どれくらいの人数の人間がこちらに転生したのか、どんな人間が乗っていたのか、年代、性別、それらの聞き取りをリーチェ嬢に詳しく話してもらうのが最優先だと思う。」
とタイラーも真面目な顔で話す。

「じゃあケイトは?どうしてケイトは何も覚えてないんだろう?バスの事故じゃないのかな?」
とザイルは考え込んだ。

「でも同じ年代だ。おそらく覚えていないだけで、バスには乗っていたんだと思うが…今の段階ではなんとも言えないな。
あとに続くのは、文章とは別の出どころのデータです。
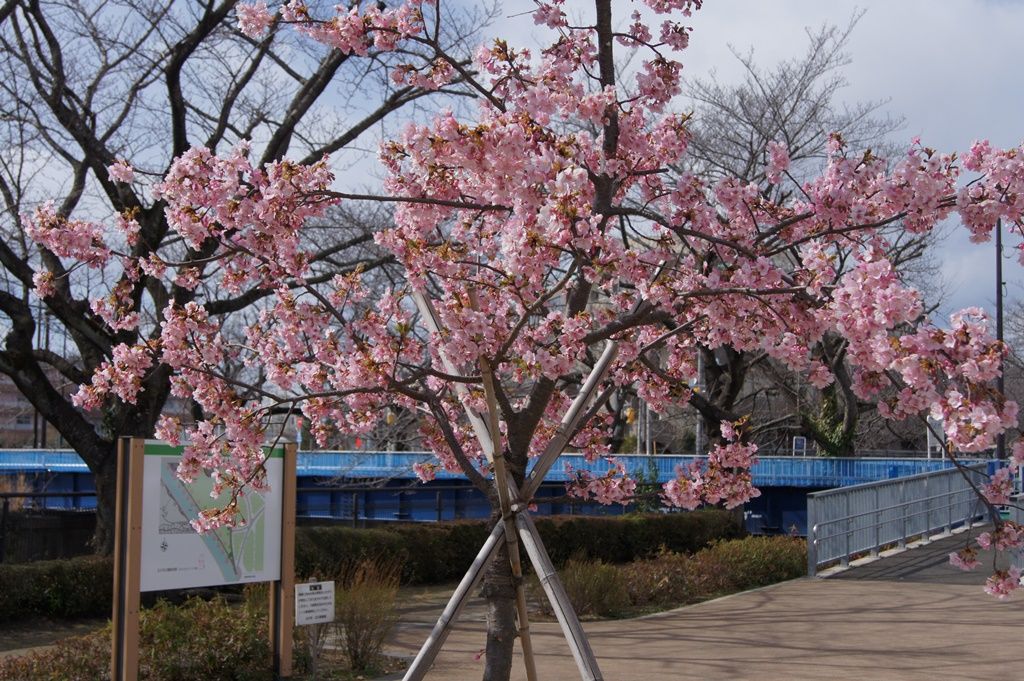 早咲き桜満開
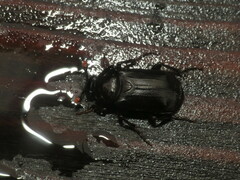 Nicrophorus humator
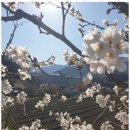 지리산터널펜션 이미지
」
アクセルも考え込む。

「考えられるのは事故に遭う前には亡くなっていたとか?」
とキーガン。

「「「「「え⁉︎」」」」」

「だってバスに乗ってた人は今の所前世を覚えてるでしょ?
でもケイト嬢は覚えていない。
バスには乗ってたけど、何か心臓発作とかの突然死でバスの中で亡くなった。
その後事故にあったから覚えていない・・・な~んて違うか。」
と意外にも鋭い事を言うキーガン。

「「「「「・・・・・・・・・」」」」」
他の五人は黙り込んだ。


「ケイトの死因はなんだったんだ・・・」
サミーユがポツリと呟いた時、


「あれ?あんなに盛り上がってたのに皆さんどうしたの?」
と男性陣から離れてワイワイと話し込んでいた女子達から離れてケイトが話しかけてきた。

一斉にケイトへ視線を向けた六人は、前世の事を何も覚えていない理由が今後に大きく関わる事になるなど考えもしなかった。